**SUPPLIED RECORDS**
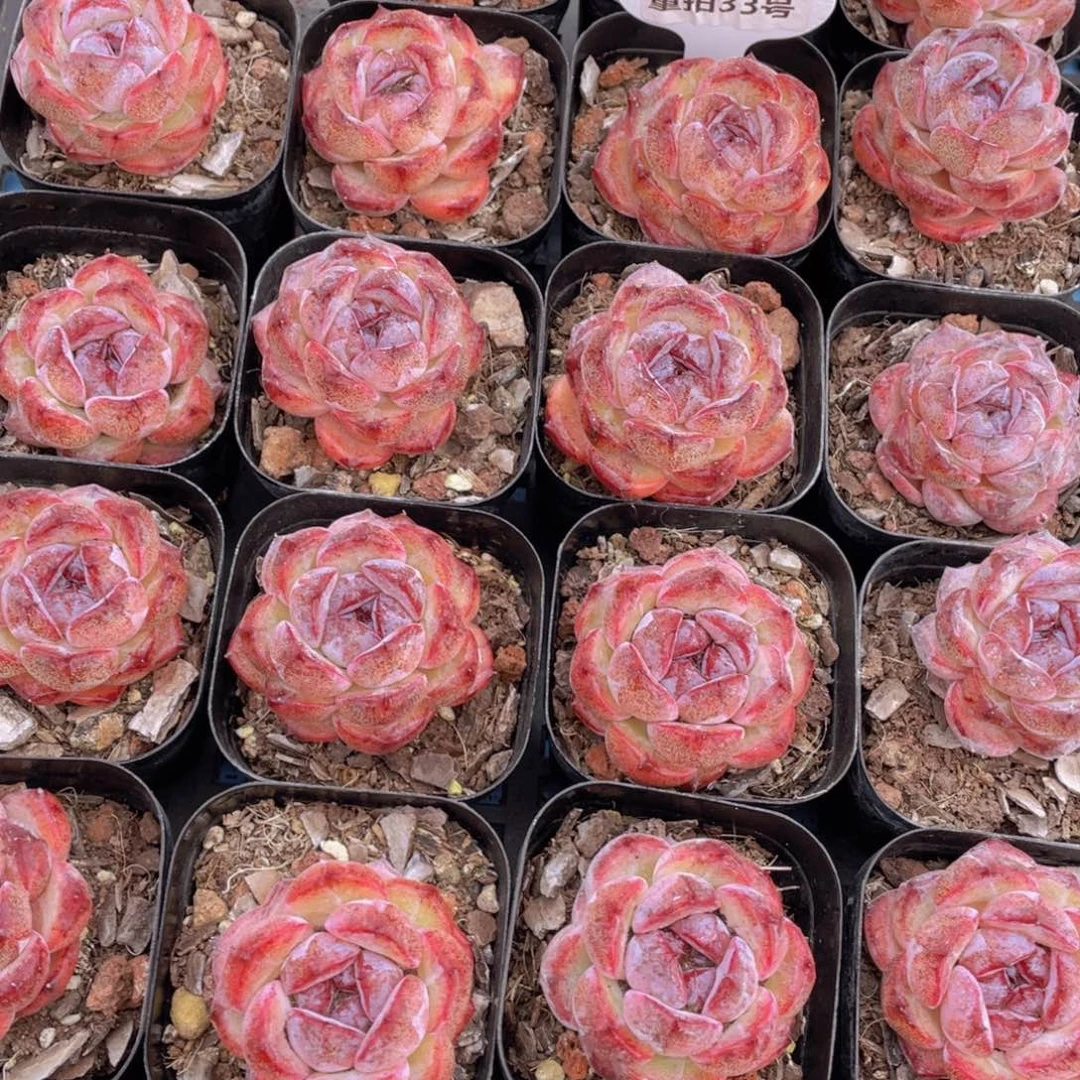 量拍33号丸叶全状态黑橙单头一个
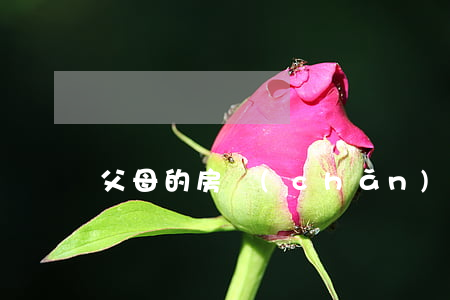 父母的房產(chǎn)如何繼承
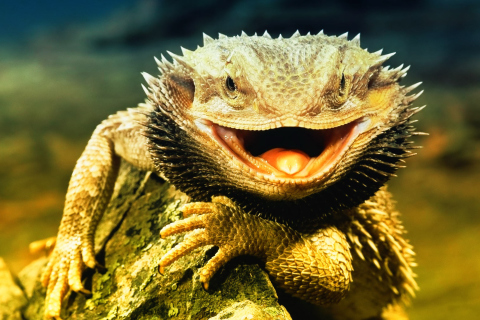 Fondo de pantalla Lizard Dragon 480x320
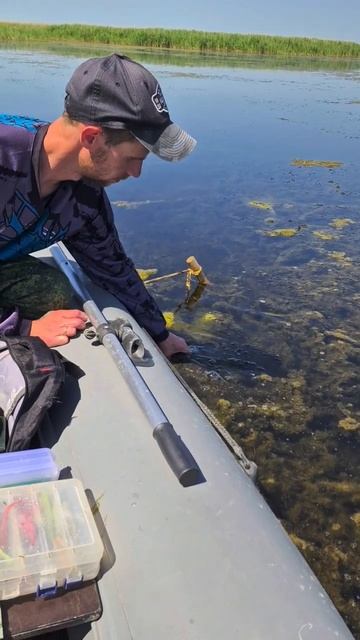 Первый раз в 2024г выплыли в лиманы Краснодарского края смотреть онлайн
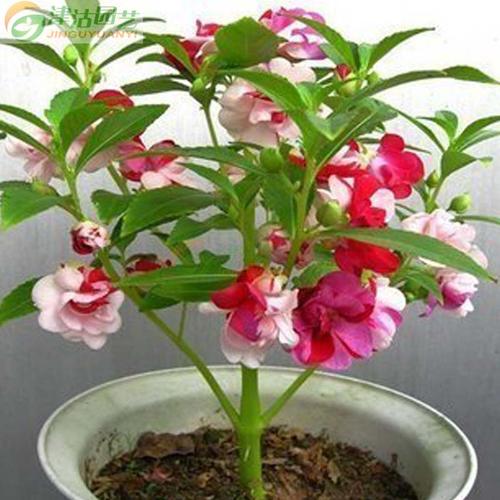 庭院植物室内 花卉种子 七彩凤仙花种子 指甲草种子 急性子种子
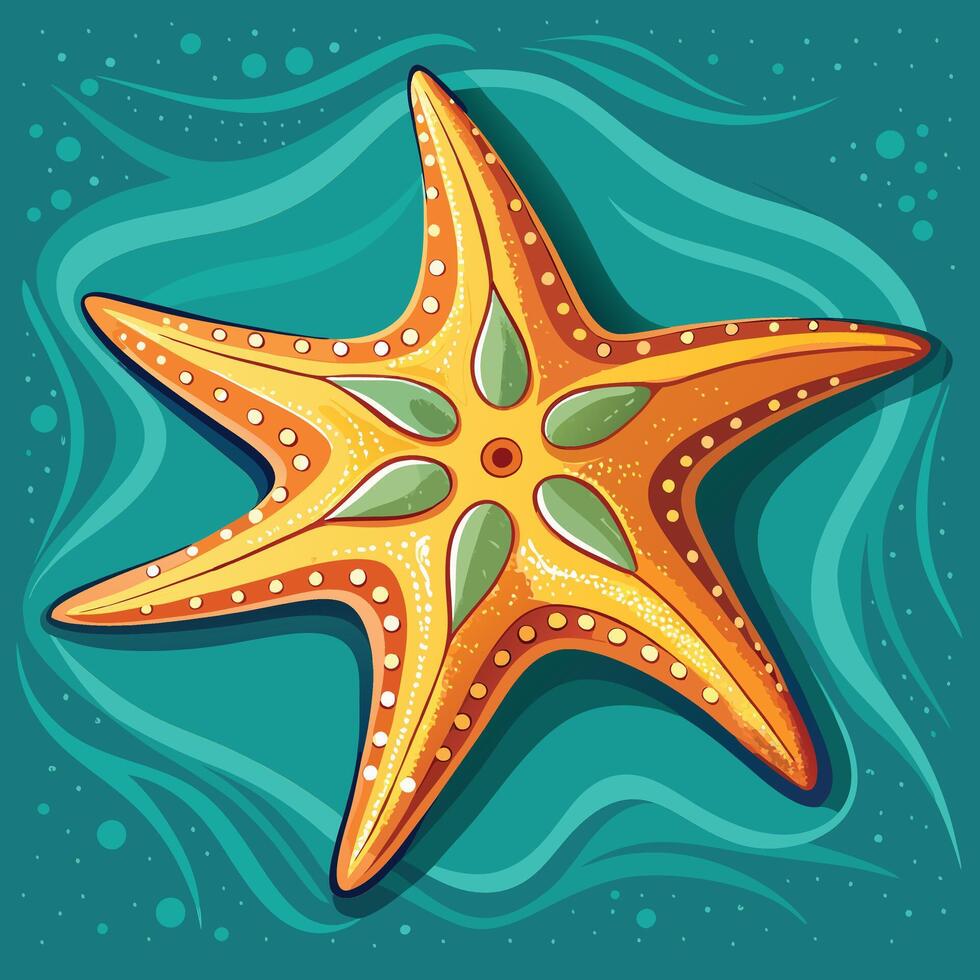Starfish illustration with background vector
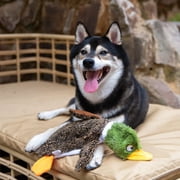Best Pet Supplies Squeaky Dog Toy Bundle with 2 Medium Stuffless Plush Toys & 15 Poop Bags, Hare and Wild Duck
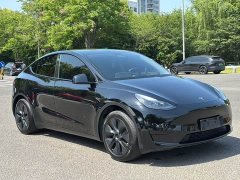 Tesla Model Y Rear-Wheel Drive - ფოტო 3
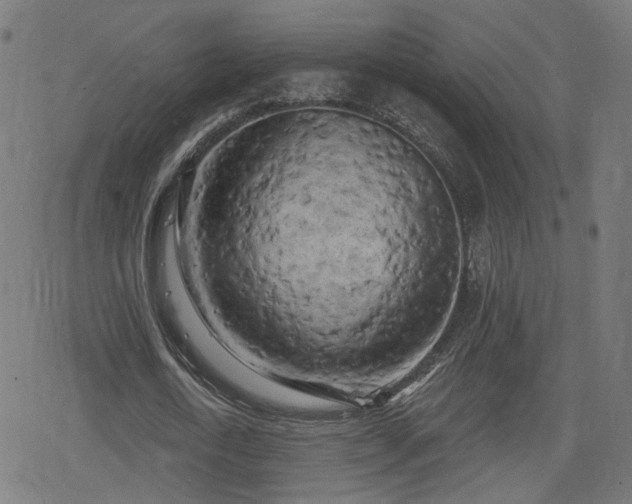 X0000078290722200611101107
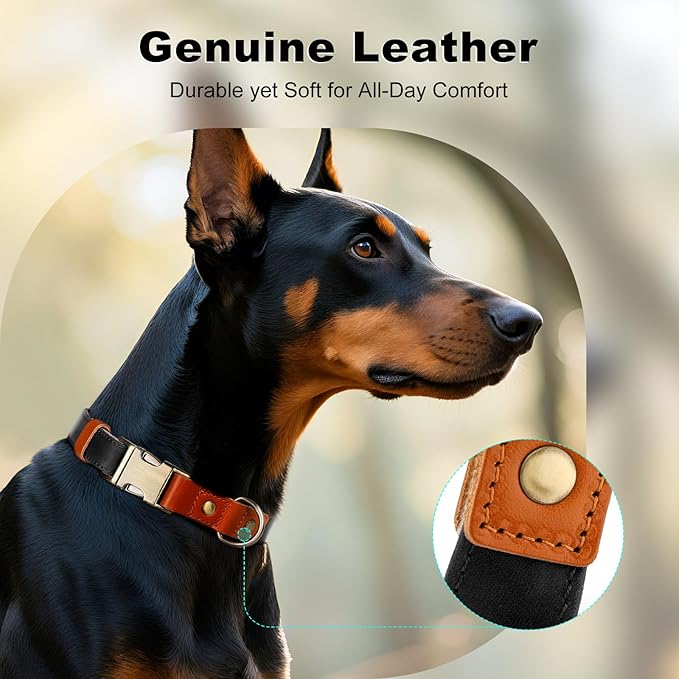 Plutus Pet Genuine Leather & Hemp Dog Collar – Adjustable Heavy Duty Pet Collar with Quick Release Metal Buckle, Soft & Stylish for Puppy and Small, Medium, Large Dogs (Black, L)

**PROBLEM**
The range runs from the line containing "X0000078290722200611101107" through the end of the entries; print those lines exactly and leave the pictures out.

**COMPLETED TASK**
 X0000078290722200611101107
 Plutus Pet Genuine Leather & Hemp Dog Collar – Adjustable Heavy Duty Pet Collar with Quick Release Metal Buckle, Soft & Stylish for Puppy and Small, Medium, Large Dogs (Black, L)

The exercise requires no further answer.